▶ **Problem to work on**: For this exercise, copy exactly every line from the one holding "Item preview, Retro" through the end of the data, both included. Omit pictures.

▶ **Dataset entries**:

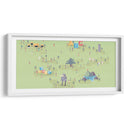 Didactic valley | Cuadro decorativo de Canvas Lab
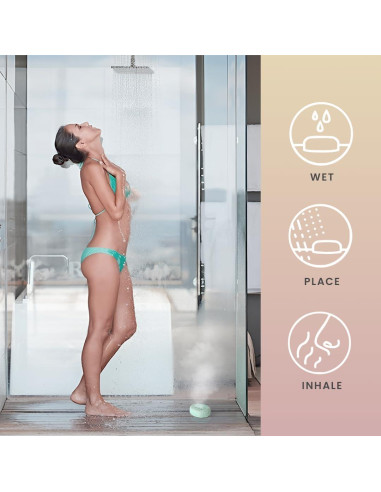 Juego de Pastillas de Ducha Aromaterapia Yuvora - 6 Aromas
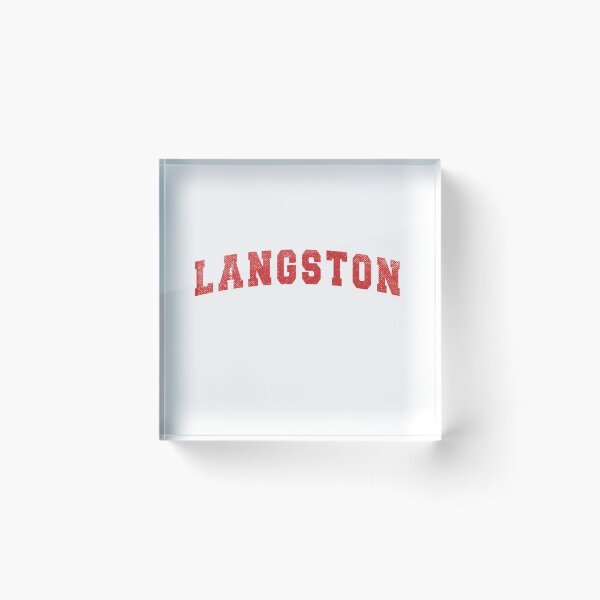 Item preview, Retro Langston Oklahoma Varsity College Style designed and sold by ottDeRElan779.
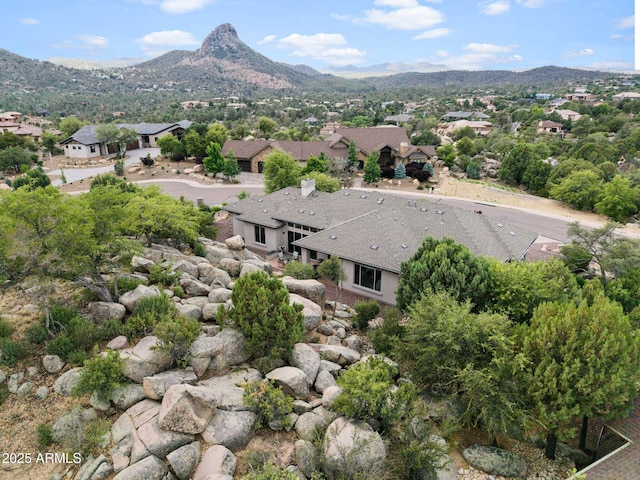 1385 Ridgewood Dr, Prescott, AZ 86305 - view of mountain backdrop with nearby suburban area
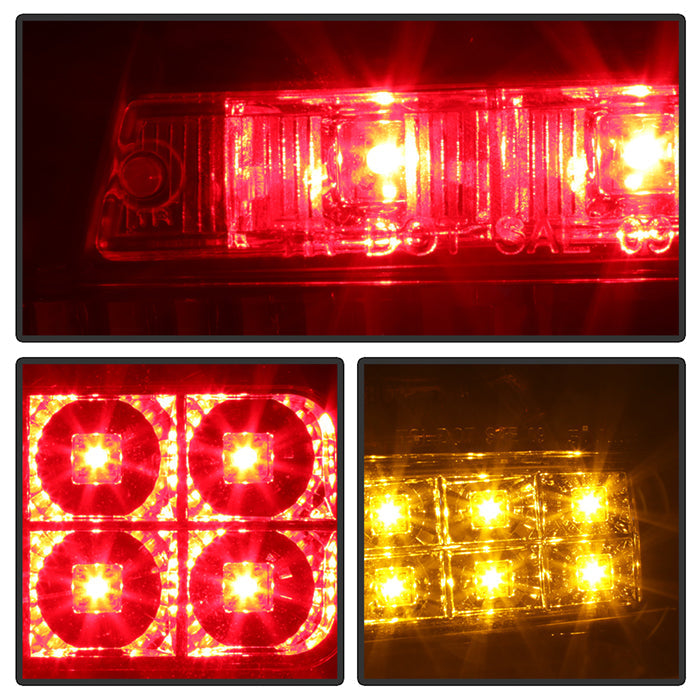 Spyder Volkswagen Golf/GTI 10-13 LED Tail Lights Black ALT-YD-VG10-LED-BK 5008176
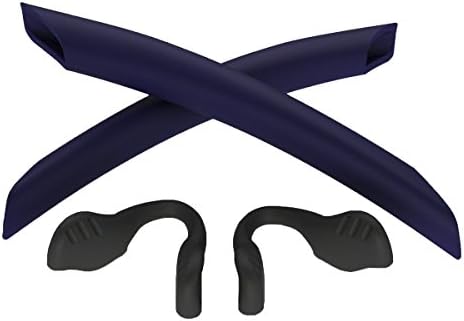 Oakley AOO9181KT Radarlock Path Earsock/Nosepiece Kit, Navy Blue, One Size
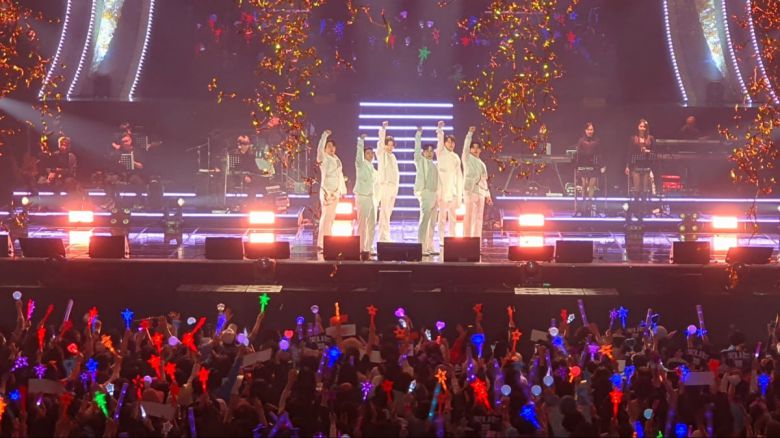 '미스터트롯3' 진주 콘서트/ 사진 제공=밝은누리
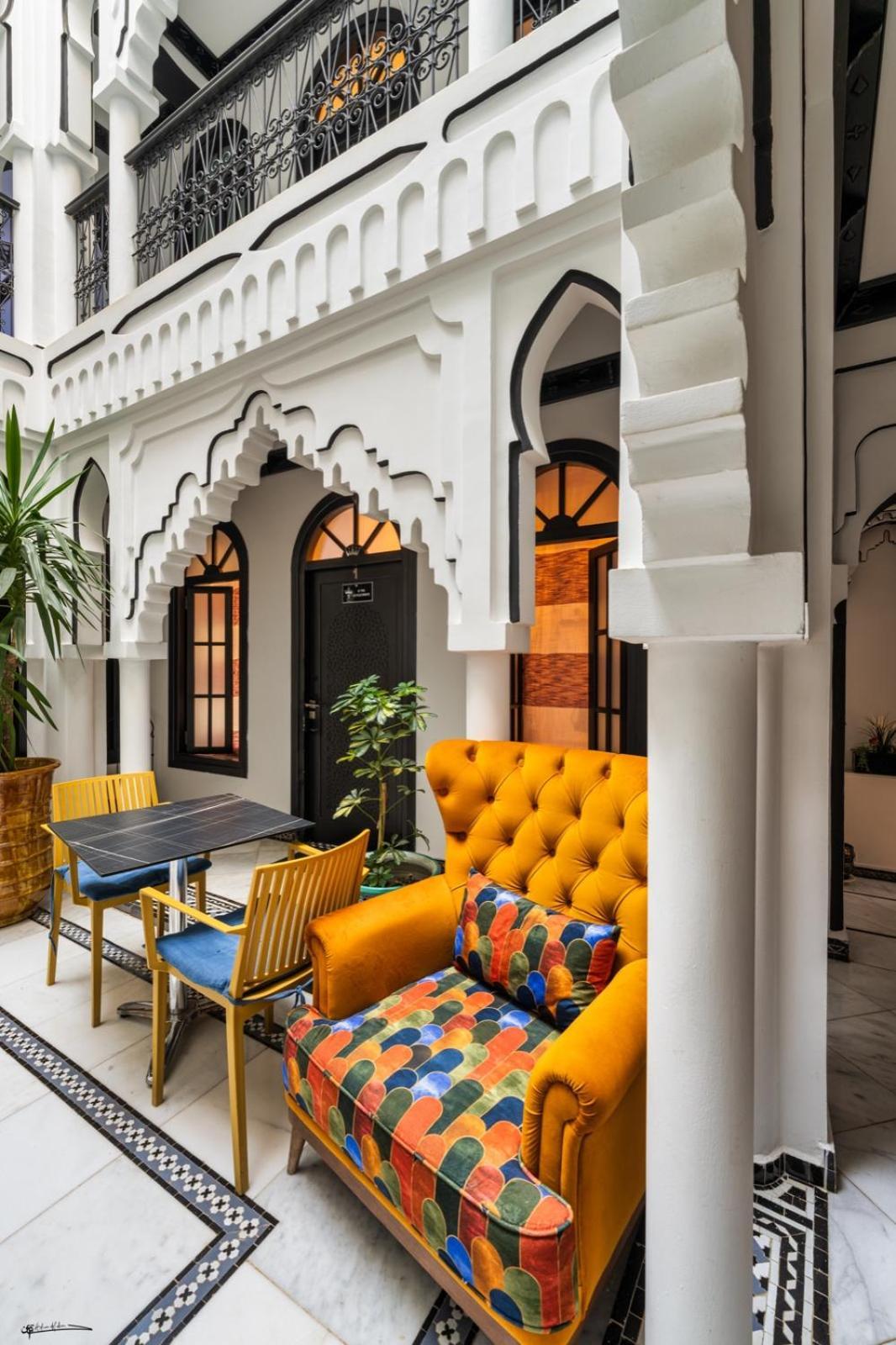 Riad El Palacio & Spa Chaouen Чефчауен Екстериор снимка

▶ **Exercise answer**:
 Item preview, Retro Langston Oklahoma Varsity College Style designed and sold by ottDeRElan779.
 1385 Ridgewood Dr, Prescott, AZ 86305 - view of mountain backdrop with nearby suburban area
 Spyder Volkswagen Golf/GTI 10-13 LED Tail Lights Black ALT-YD-VG10-LED-BK 5008176
 Oakley AOO9181KT Radarlock Path Earsock/Nosepiece Kit, Navy Blue, One Size
 '미스터트롯3' 진주 콘서트/ 사진 제공=밝은누리
 Riad El Palacio & Spa Chaouen Чефчауен Екстериор снимка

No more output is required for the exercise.